Sans cesse pénétrer l'excès de son malheur,

Le voir, le bien connaître, et mourir de douleur.

ANTIGONE

Si ma main est un bien que le Destin vous vole, [125]

Il ne tiendra qu'à vous qu'il ne vous en console.

Déidamie...

PYRRHUS

Ô Dieux ! Vous pouvez présumer...

ANTIGONE

Qu'il n'est pas mal aisé de vous en faire aimer,

Et que si de Pyrrhus l'hymen vous désespère,

La soeur peut réparer l'injustice du frère. [130]

PYRRHUS

Ah, si quelque malheur aux miens peut être joint,

Comblez-en mon amour, mais ne l'outragez point.

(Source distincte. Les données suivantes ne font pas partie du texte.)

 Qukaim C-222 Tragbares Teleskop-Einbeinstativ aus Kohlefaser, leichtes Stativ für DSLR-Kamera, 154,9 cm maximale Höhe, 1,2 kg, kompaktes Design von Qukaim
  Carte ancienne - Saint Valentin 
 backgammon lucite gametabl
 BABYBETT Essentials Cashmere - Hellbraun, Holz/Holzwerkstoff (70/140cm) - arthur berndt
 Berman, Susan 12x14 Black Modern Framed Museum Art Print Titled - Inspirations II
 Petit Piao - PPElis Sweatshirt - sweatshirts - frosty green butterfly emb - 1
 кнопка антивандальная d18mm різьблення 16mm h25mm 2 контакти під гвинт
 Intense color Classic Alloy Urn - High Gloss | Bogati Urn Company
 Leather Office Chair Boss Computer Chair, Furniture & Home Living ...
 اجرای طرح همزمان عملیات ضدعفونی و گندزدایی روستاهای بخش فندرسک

Pour moi Déidamie a conçu quelque estime,

Mais loin qu'un feu secret la soutienne ou l'anime

C'est elle dont les soins par un ordre assez doux [135]

Ont enhardi mes voeux à s'expliquer pour vous,

Mon coeur sur ses conseils...

ANTIGONE

Et c'est par cette adresse

Qu'elle a cru découvrir quel sentiment vous presse,

Je n'en ai que trop vu.

PYRRHUS

Plût au Ciel que ma foi

N'eût à craindre aujourd'hui que ce qu'on craint de moi ; [140]

Que le bonheur du frère eût pour toute apparence

Ce qu'impute à la soeur votre injuste croyance ;

Mais las ! Il vous épouse, et je touche au moment

Où va son dur triomphe accabler votre Amant.

Au moins, puisqu'à mon feu c'est le seul bien qui reste, [145]

Montrez-moi de l'horreur pour cet hymen funeste.